Aliás, o filme já começa com um erro irremediável e indefensável: ao nos apresentar àquele mundo com uma pequena introdução animada, assinamos um acordo imaginário de suspensão da descrença e entendemos que vamos assistir a algo fantástico, o que anula completamente o maravilhamento que possa vir de vermos os personagens fazerem essa descoberta. Ali, com minutos de filme, já não estamos mais lado a lado com aquelas pessoas, mas sim esperando que elas nos alcancem. O que vem por meio de dispositivos de roteiro que, além de não fazerem qualquer lógica narrativa (porque não pede para que a senhora conte toda a história logo?), soam tão óbvios que a única opção é rir, ainda mais quando o filme se autoproclama original - pela boca do crítico que também representa o ego de Shyamalan ao julgá-los como incapazes de entenderem a grandeza de sua obra, e que poderia ser uma piada muito efetiva em um filme que se levasse menos a sério.

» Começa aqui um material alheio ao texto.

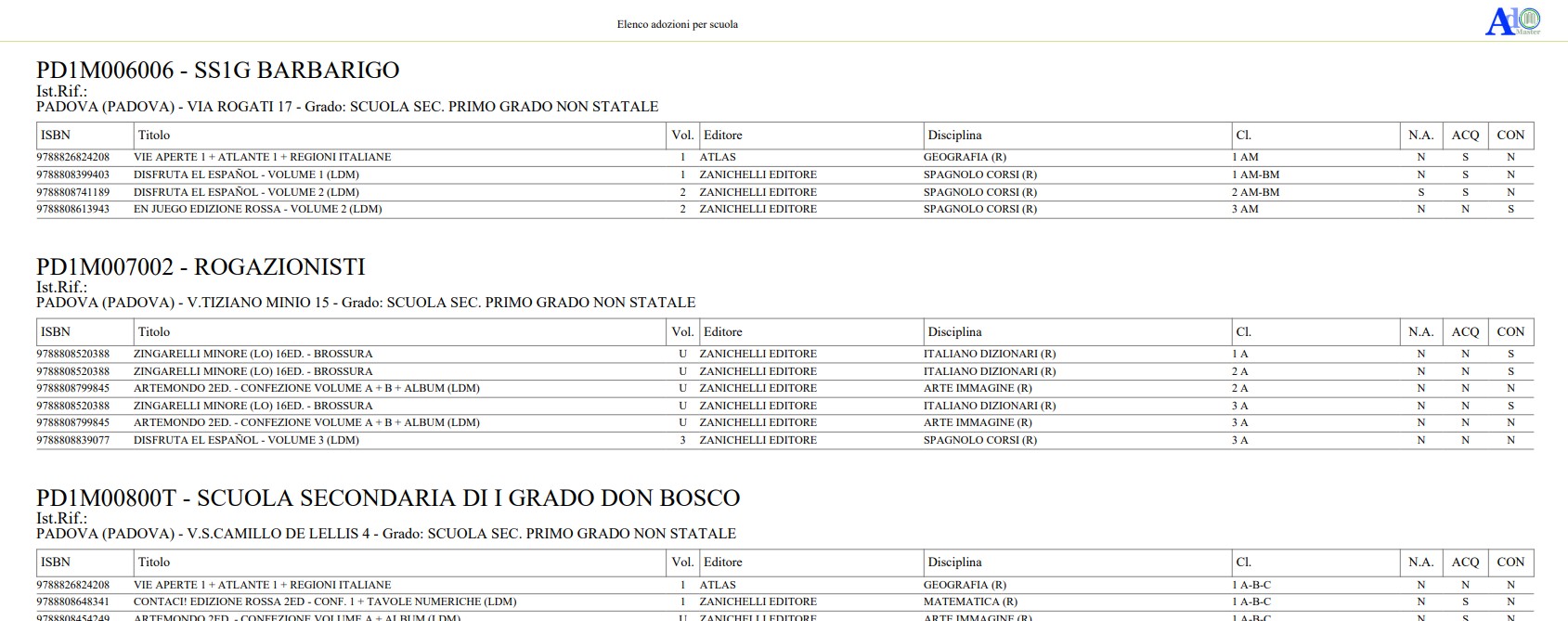 Report per Scuola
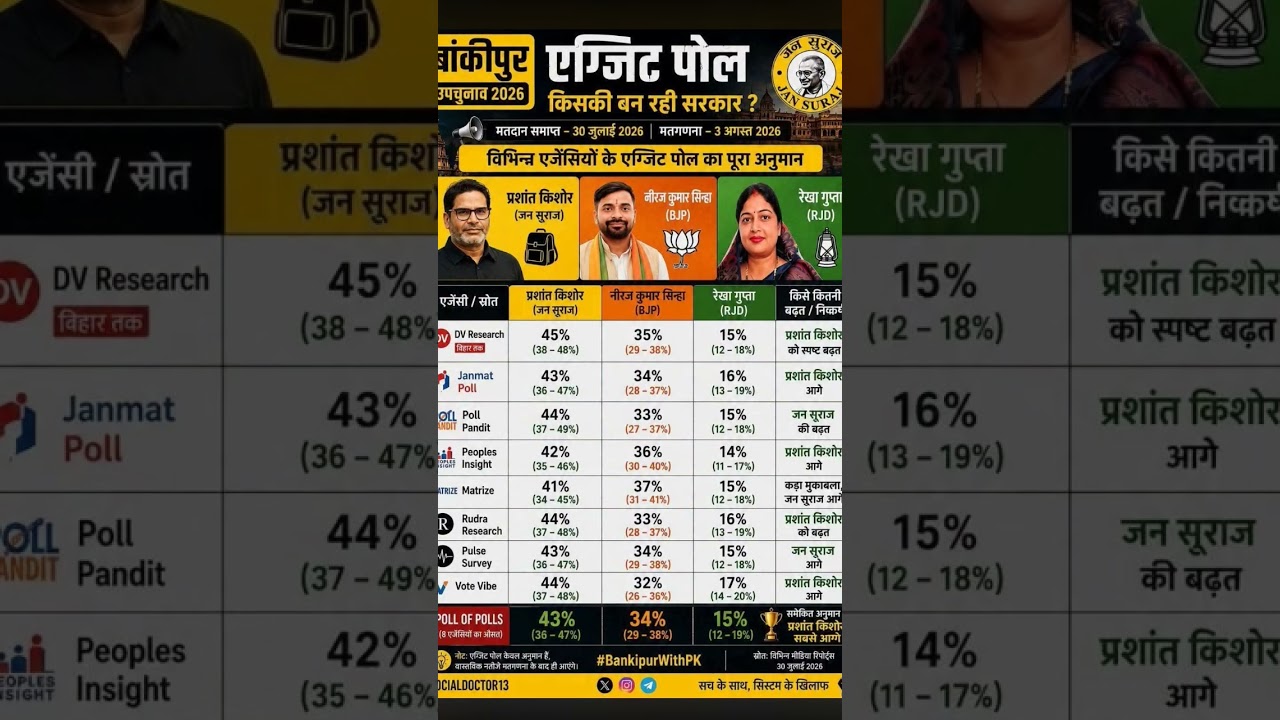 baki pur me jansuraj jeet raha hai #bjp #jansuraaj #election #bakipur #prashantkishor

Inspirado em histórias que o diretor inventava para seus filhos na hora de dormir, “A Dama na Água” tão pouco oferece para o público infantil, pois por mais óbvias que sejam suas metáforas, elas só servem para o público adulto. E eu adoraria alguém tentar me justificar porque este filme é mais mágico do que, vamos dizer, a trilogia “Senhor dos Anéis” ou a saga “Harry Potter”, ambos praticamente contemporâneos onde a descoberta fantástica daqueles mundos se dá por aventuras que não apenas impressionam visual e criativamente, mas têm um efeito transformador também em seus personagens. Veja bem… o que e quem é Story? Ela não tem nenhum traço de personalidade ou complexidade, quer apenas servir um propósito - o que é sintomático com seu nome - e mesmo o afetuoso Sr. Heep (gostei de Paul Giamatti e de como mostrou toda a dedicação do personagem à ajudar os outros) passa por essa jornada sem que percebamos ser um ser humano diferente. E o que dizer do show de estereótipos que compõem aquele complexo e que servem, também, apenas como dispositivos?
Não há catarse, todos aceitam a loucura daquela história com naturalidade - alguns até mesmo fora da tela - o que também derruba a ideia de que temos que “voltar a acreditar” quando naquele universo todos acreditam. E embora eu goste da maneira como o filme se abrace em uma mise-en-scène menos carregada esteticamente, justamente evidenciando o extraordinário no comum, Shyamalan à trai ao recorrer à uma tensão artificial por conta dos artificiais cachorro-grama que parecem vindos de qualquer outro dos blockbusters feitos na mesma época e servem, de novo, apenas como recursos vazios do roteiro e que praticamente delegam o papel de vilões que deveria ser dos humanos e da tecnologia a algo tão mágico como as próprias Narf (ou nada!).
Doze anos depois, uma versão que considero infinitamente superior à “A Dama na Água” no ambicioso “Under The Silver Lake” seria feita, um filme que te faz acreditar e então derruba suas pernas e que soa muito mais verdadeiro e sincero. Há sim uma falta de esperança, de crença no incrível na sociedade atual, mas se ela acontece é porque, pela primeira vez, todos estamos cientes do mundo terrível lá fora. Ao menos pra mim, se for para me aventurar em um mundo mágico, prefiro vê-lo e senti-lo para, nem que seja por poucas horas, esquecer da vida real.